**WHAT YOU WILL DO**: The records below are to be written out exactly, with every picture omitted.

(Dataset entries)
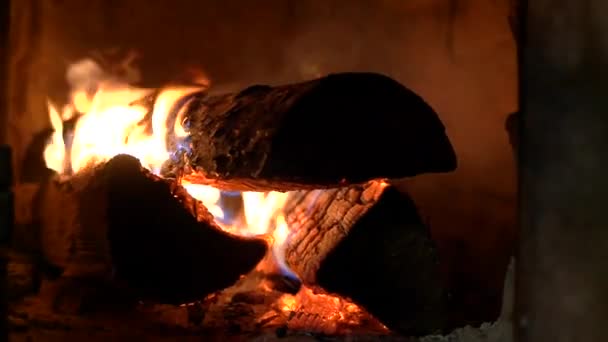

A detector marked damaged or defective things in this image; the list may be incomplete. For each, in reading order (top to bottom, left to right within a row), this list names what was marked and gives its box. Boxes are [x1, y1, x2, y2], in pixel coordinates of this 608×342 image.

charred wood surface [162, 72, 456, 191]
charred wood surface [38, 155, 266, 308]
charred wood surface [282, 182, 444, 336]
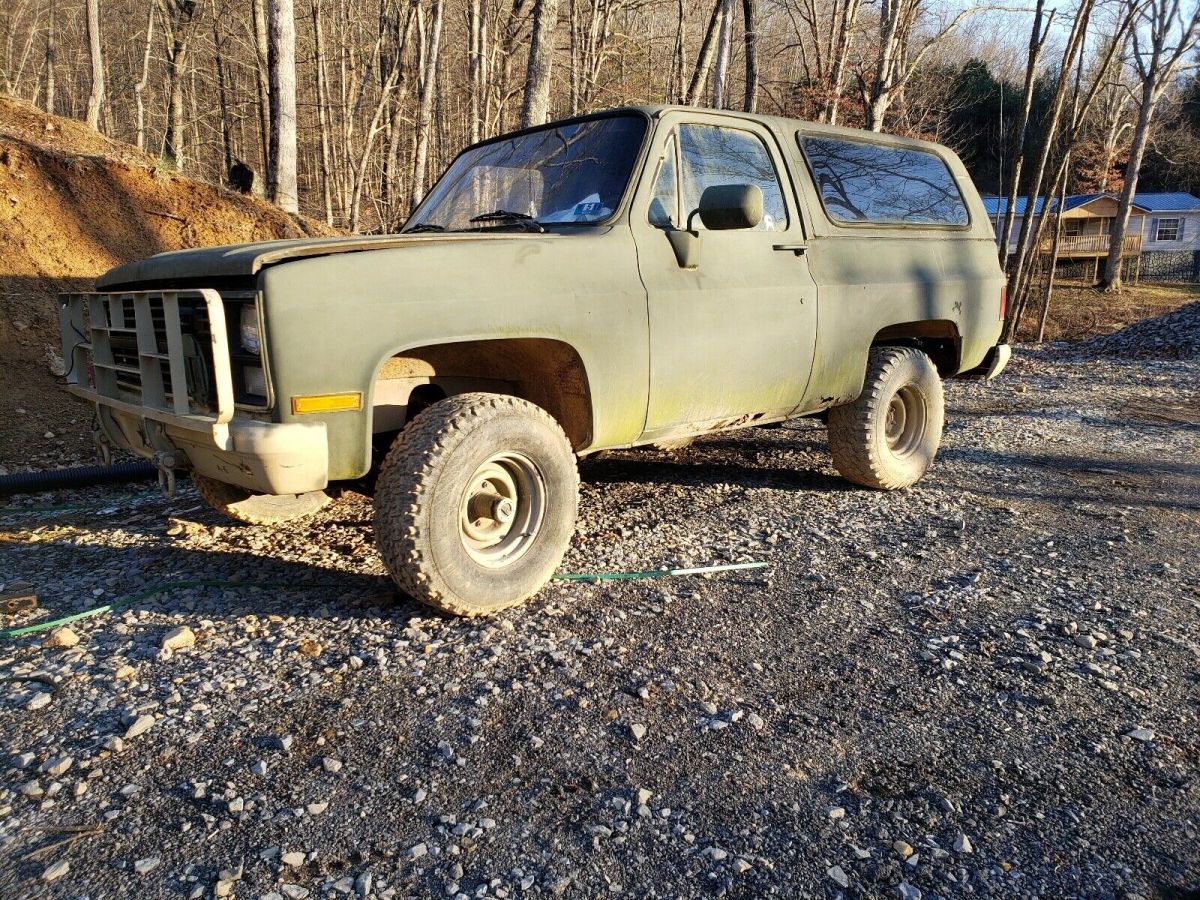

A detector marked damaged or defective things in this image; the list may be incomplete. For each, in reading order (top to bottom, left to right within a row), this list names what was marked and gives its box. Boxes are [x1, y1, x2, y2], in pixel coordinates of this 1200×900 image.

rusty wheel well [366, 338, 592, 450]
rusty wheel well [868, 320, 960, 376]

**TASK RESULT**:
A detector marked damaged or defective things in this image; the list may be incomplete. For each, in reading order (top to bottom, left to right within a row), this list names what was marked and gives its box. Boxes are [x1, y1, x2, y2], in pixel coordinates of this 608×342 image.

charred wood surface [162, 72, 456, 191]
charred wood surface [38, 155, 266, 308]
charred wood surface [282, 182, 444, 336]

A detector marked damaged or defective things in this image; the list may be incomplete. For each, in reading order (top to bottom, left to right within a row), this list names what was marked and gives its box. Boxes are [x1, y1, x2, y2], in pixel coordinates of this 1200×900 image.

rusty wheel well [366, 338, 592, 450]
rusty wheel well [868, 320, 960, 376]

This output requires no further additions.